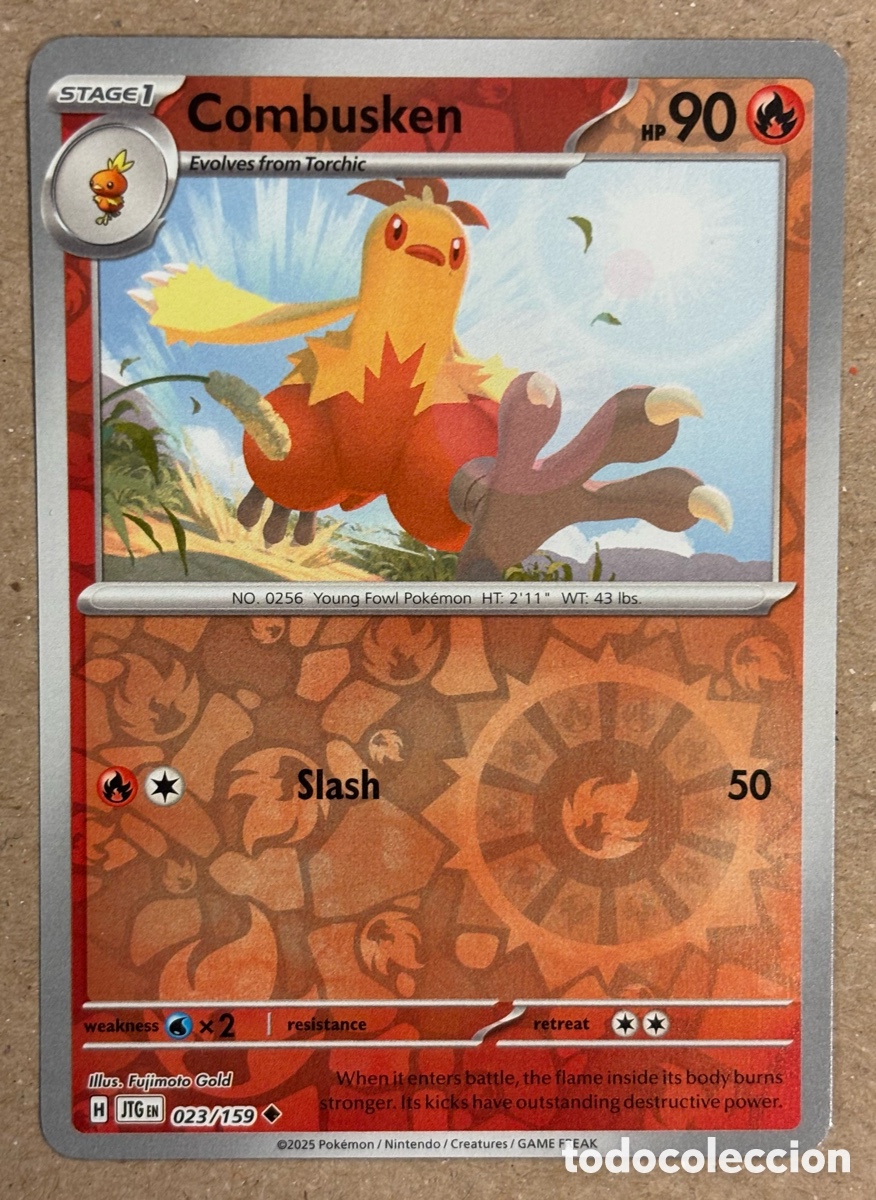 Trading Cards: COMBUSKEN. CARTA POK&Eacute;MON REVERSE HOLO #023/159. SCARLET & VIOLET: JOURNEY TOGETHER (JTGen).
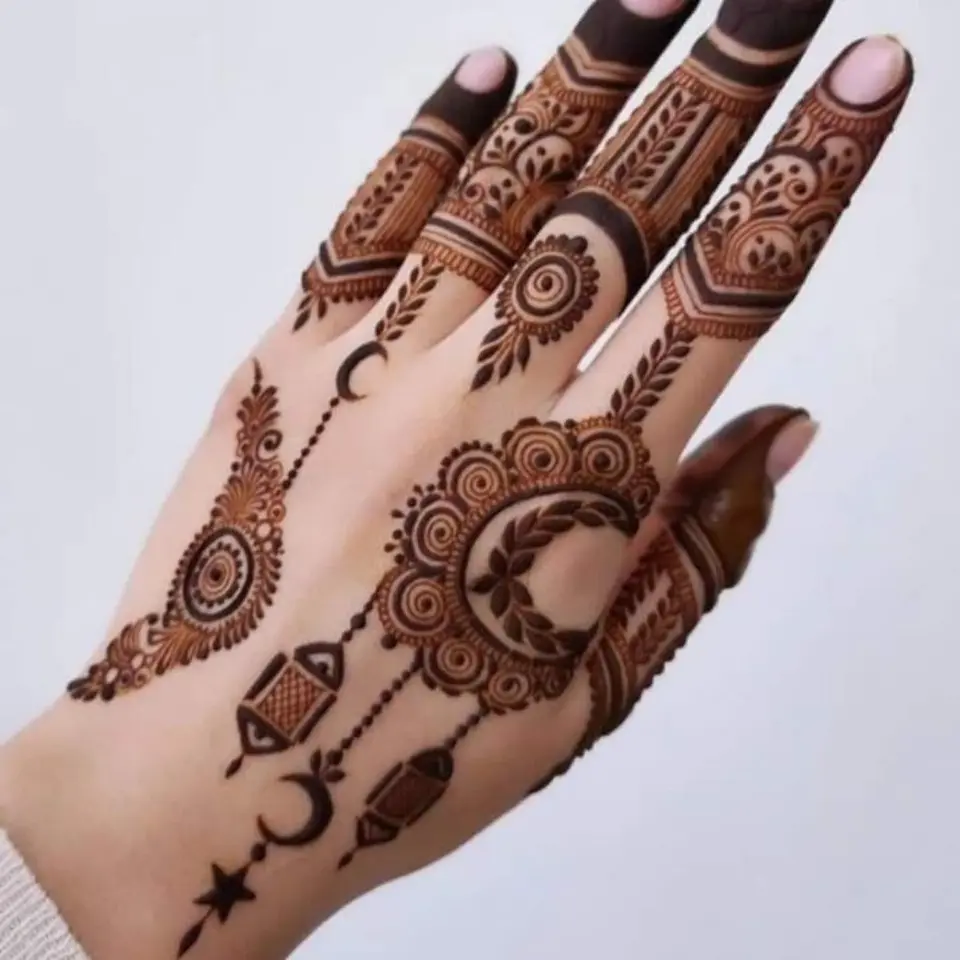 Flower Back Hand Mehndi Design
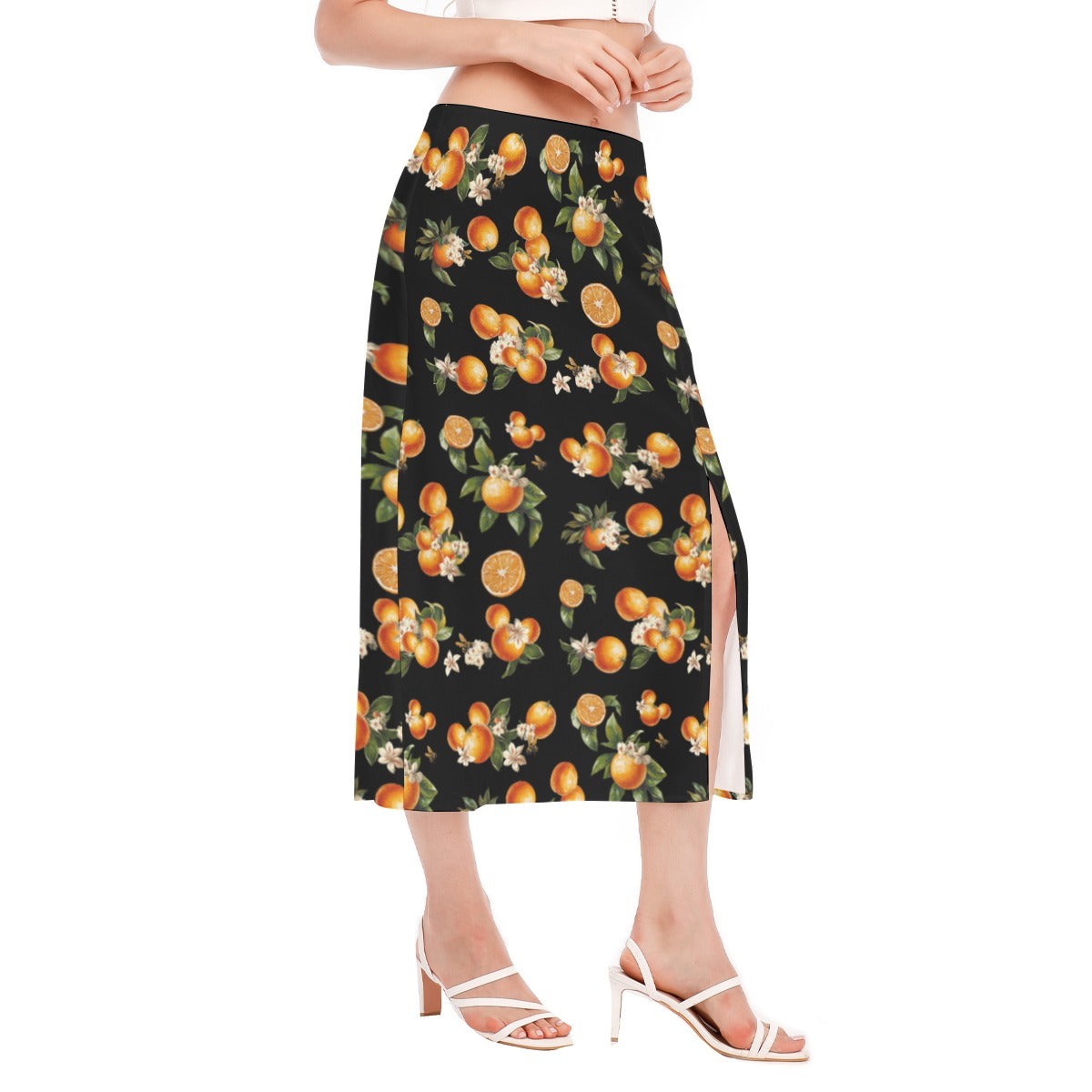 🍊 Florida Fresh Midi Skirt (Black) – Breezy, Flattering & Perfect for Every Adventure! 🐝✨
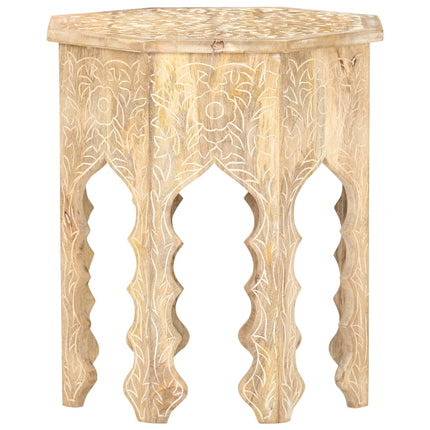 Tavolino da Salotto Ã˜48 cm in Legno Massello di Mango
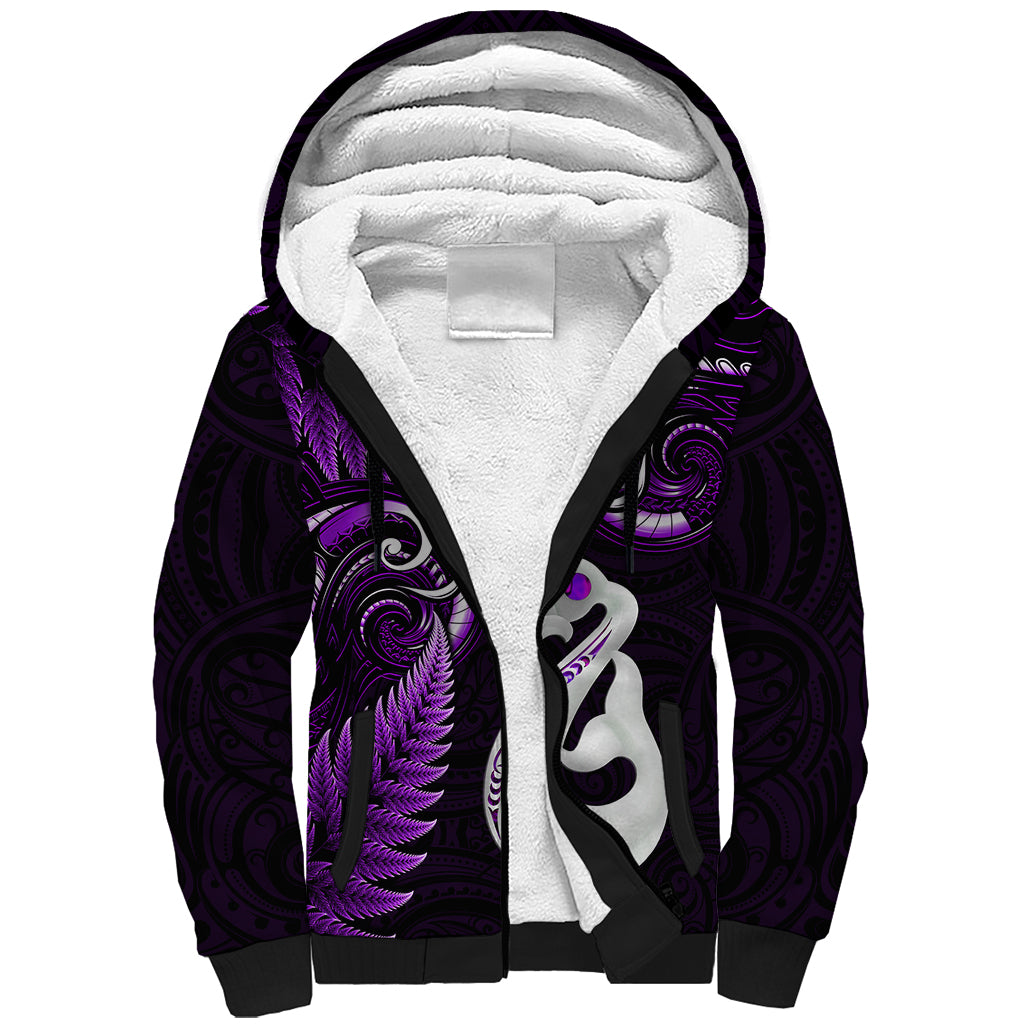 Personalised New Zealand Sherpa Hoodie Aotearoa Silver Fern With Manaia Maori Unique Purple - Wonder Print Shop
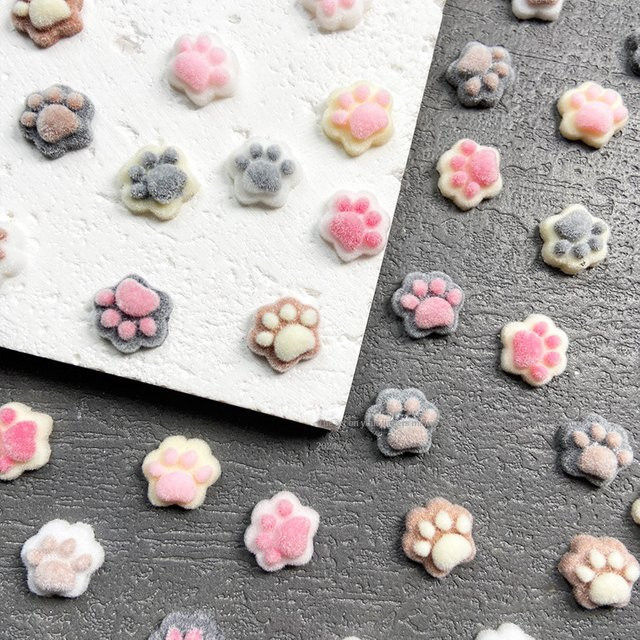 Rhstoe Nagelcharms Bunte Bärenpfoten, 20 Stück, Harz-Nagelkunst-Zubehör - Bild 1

What is expected:
Exactly as they appear, repeat the lines from the one containing "Personalised New Zealand" through the last line of the entries, counting both ends. Pictures stay out.

Response:
 Personalised New Zealand Sherpa Hoodie Aotearoa Silver Fern With Manaia Maori Unique Purple - Wonder Print Shop
 Rhstoe Nagelcharms Bunte Bärenpfoten, 20 Stück, Harz-Nagelkunst-Zubehör - Bild 1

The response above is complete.